Who Benefits from the NBA’s Recent Pace Revolution? (Part 1 of 3)

As we approach the end of the first third of the NBA season, paradoxically, the picture seems to have become more nebulous. Questions concerning the legitimacy of the Kings and Mavericks, the sustainability of the Clippers, the potency of the Raptors, and a multitude of others involving the likes of Jimmy Butler, Brad Stevens, and the bottom-half of the Eastern Conference. However, amidst the confusion, one thing has made itself glaringly apparent: the pace of play is blazing, and it looks to stay that way.

In this first month and a half of the NBA’s new year, the average pace is 3.38 possessions greater than the modern NBA has ever seen (since 1990), equivalent to a 3.4% increase from the previous high. Of the thirty teams, only two have seen a regression in their own pace of play, evidencing that this witnessed revolution is a holistic overhaul. To determine which teams this revolution benefits, let’s first dissect the effect increased pace has on basketball.

To state the obvious, higher pace requires higher stamina. With approximately 3.38 added possessions per game comes about 500 extra feet traveled per starters every game. While this quantity seems minute when observed on an individual game basis, when sustained over an 82-game season, this only tacks on an additional 8 miles to an already grueling schedule.

Though the NBA has made it a focus of their scheduling agenda this season to limit back-to-backs and neutralize its bearing to some extent, fatigue and relative enervation are still very much prevalent. Thus, this provides an advantage to the teams who have already adapted to a heightened pace of play, those who can maintain a pace whilst avoiding significant roster alteration.

However, this brings up the question as to how the effect of fatigue can be measured. While the obvious indicator might seem to be difference in fourth-quarter/late-game play, this opens the door to a slew of outside factors, as fatigue cannot be isolated from this data alone (it is impossible to account for coaching prowess, late-game luck, and the degree to which “clutchness” exists).

Thus, the best way to evaluate fatigue is from a holistic perspective, and with observable, definite trends, the effect of fatigue can be noted and the noise from the aforementioned additional factors is attenuated.


Plotted above is the correlation between change in pace (represented as a percentage) and adjusted winning percentage from last season to this season, with all 30 teams plotted. Evidenced by the data, there is a slight correlation (m=0.591) with an increase in pace and an increase in winning percentage.

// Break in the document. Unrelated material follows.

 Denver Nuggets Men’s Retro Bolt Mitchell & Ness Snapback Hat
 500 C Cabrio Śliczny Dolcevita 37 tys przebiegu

Though the predicted relation is not yet apparent, this can be likely attributed to the fact that the season is still young and players have not yet fatigued in a significant fashion. For reference, here are the same factors plotted from the 2016-17 season to the 2017-18 season.


Evidently, in this graph the correlation (m=-2.867) is much stronger in the opposite direction than the previous. This suffices that typically, teams seeing an increase in pace are due, over the course of a season, to see a decrease in winning percentage. Antithetically, teams seeing a decrease in pace project to see an increase in winning percentage, thus indicating that teams who show relative consistency/decline in pace place themselves in a better position to succeed.

The second influence an increase of pace has on NBA game play is an increase in transition. This season, the average transition frequency has gone up 1.2% from the previous (modern) high.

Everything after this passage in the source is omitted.